In spite of the fact that American policy makers have not always lived up to the high ideals epitomized in the Constitution, this country was still respected around the world for its commitment to protecting its citizens' human rights. In several instances, founders of newly emerging nations have demonstrated their regard for America's special association with ideals of freedom by basing their sets of laws on those in the document created by this country's Founders.
Some time in the next few weeks, the vast apparatus of the US State Department will disgorge a large report grading the human rights performance of pretty much anything worth calling a country. The Americans, being Americans, have been producing these reports annually since 1977, all the better to nudge the rest of us towards the apex of human endeavour Americans like to believe they embody.
If the world's only superpower feels like using its global dominance to embarrass dictatorial regimes for abusing the rights of the humans they rule, more power to it. For all its faults, the United States has long embodied an enviable set of rights and freedoms, at least in theory. So if it wants to promote those freedoms abroad by setting itself up as a beacon of governing excellence, why shouldn't it? The trouble is, as any parent knows, nothing undermines a reprimand more than the realisation that the accuser has behaved like the accused. And that is why, thanks to the recent behaviour of the Bush Administration, this year's State Department report is going to have far less sway.

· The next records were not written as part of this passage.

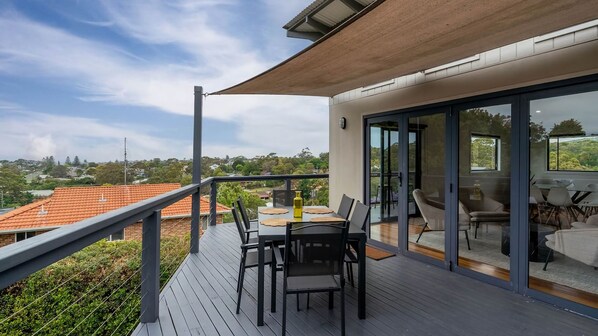 A balcony with a table and chairs, a glass door leading to an indoor area, and a view of the surrounding landscape. - Sea Views set atop a hill in Kiama (Kiama)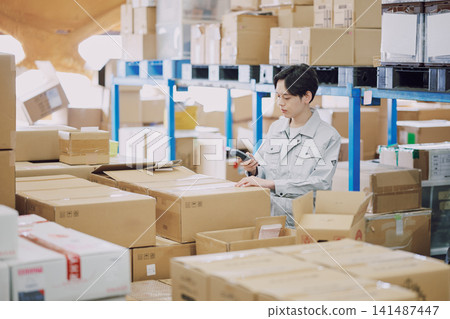 A man in work clothes managing inventory A man in work clothes managing inventory 141487447
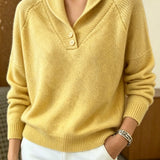 Women’s yellow button-front V-neck long-sleeve sweater with ribbed cuffs and hem.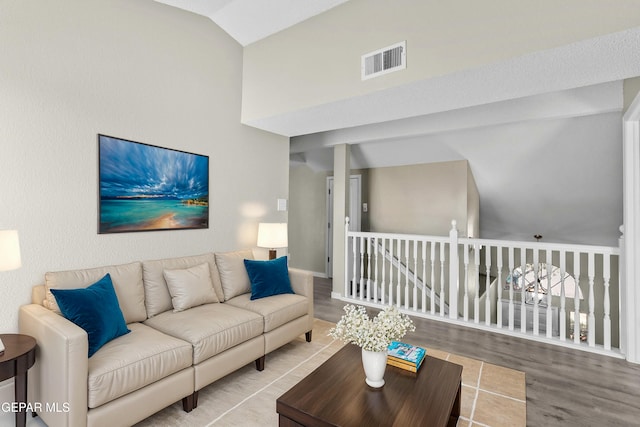 living room featuring vaulted ceiling and wood-type flooring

The department's publications are known formally as Country Reports on Human Rights Practices. And every year, their release sets off a great bout of bleating from those mentioned. . . . But this year, the US itself has changed so much that the cries of hypocrisy from abroad will carry far greater weight than they should.

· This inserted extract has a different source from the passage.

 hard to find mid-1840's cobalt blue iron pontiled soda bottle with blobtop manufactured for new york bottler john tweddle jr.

In last year's report, for example, the State Department gravely commented on the difficulties in getting a fair trial in Iraq where there are "special security courts" which "hear cases in secret" and, worse, "many cases appear to end in summary execution, although defendants may appeal to the President for clemency". That president would be Saddam Hussein, a man second only to Osama bin Laden in contemporary America's pantheon of evil.
What will the department say this year, now that the Bush Administration has responded to the September 11 terrorist attacks by setting up military tribunals where suspected terrorists can be tried secretly, after which they can be put to death with their only avenue of appeal being the president or defence secretary?
We await with interest. . . .
Then there is press freedom, another topic that always features heavily in the State Department's reports. Last year, the department found that in Malaysia "government restrictions, pressure, and intimidation led to a high degree of press self-censorship". In Singapore, the department reported there were "informal methods of government influence, that continue to restrict freedom of speech and the press significantly."
Normally, one couldn't imagine this sort of criticism ever applying to the American media. Yet after the September 11 attacks, President Bush's national security adviser, Condoleeza Rice, had a conference call with representatives of the five major television networks in which she asked them to "exercise judgement" about airing videos of Osama bin Laden.
And amazingly, all five networks--ABC, CBS, NBC, Fox and CNN--agreed that really, it was probably quite sensible to check such broadcasts. For those of us who have long admired America's attempts to act as a force for human liberty around the world, it is not just extraordinary. It is sad.